**TASK REQUIREMENTS**:
All records below are to be set down precisely as written, excluding pictures.

**INPUT**:
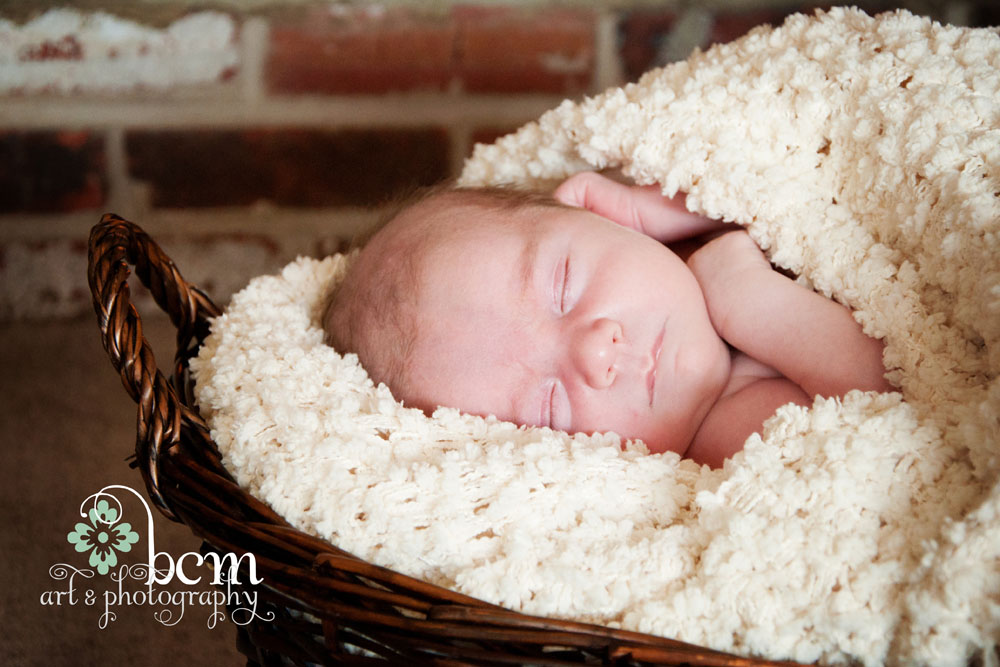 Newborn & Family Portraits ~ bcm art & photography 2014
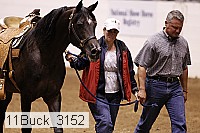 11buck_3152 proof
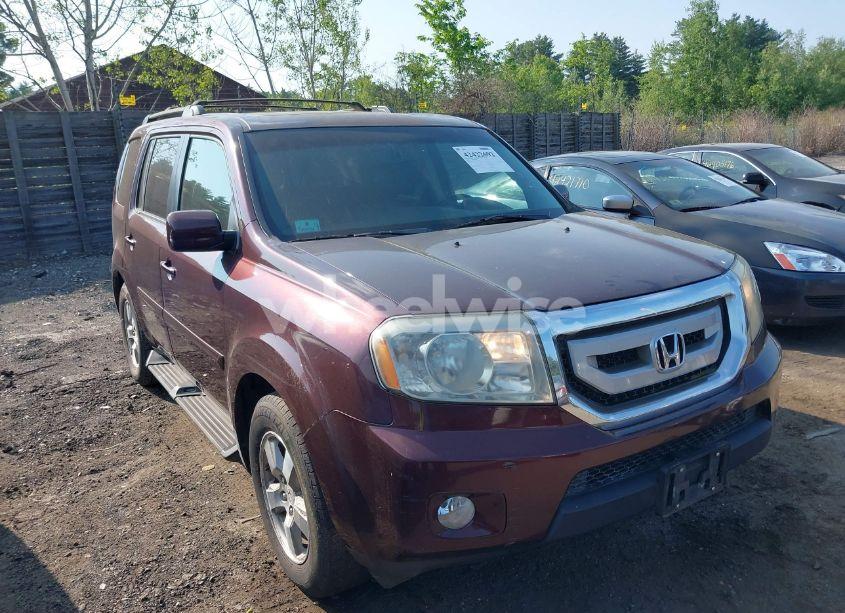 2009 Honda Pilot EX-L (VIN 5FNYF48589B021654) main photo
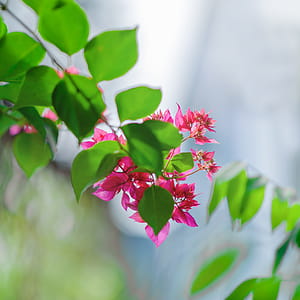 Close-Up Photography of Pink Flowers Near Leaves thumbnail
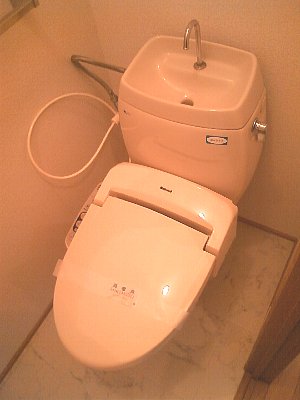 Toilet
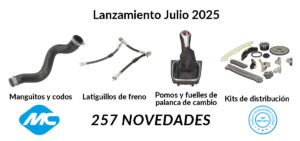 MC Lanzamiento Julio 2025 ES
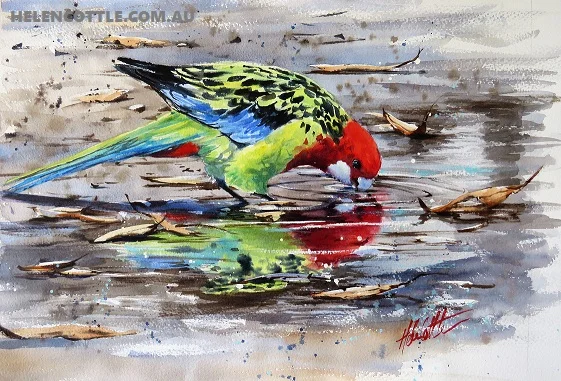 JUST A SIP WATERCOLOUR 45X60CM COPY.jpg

**RESULT OF THE TASK**:
 Newborn & Family Portraits ~ bcm art & photography 2014
 11buck_3152 proof
 2009 Honda Pilot EX-L (VIN 5FNYF48589B021654) main photo
 Close-Up Photography of Pink Flowers Near Leaves thumbnail
 Toilet
 MC Lanzamiento Julio 2025 ES
 JUST A SIP WATERCOLOUR 45X60CM COPY.jpg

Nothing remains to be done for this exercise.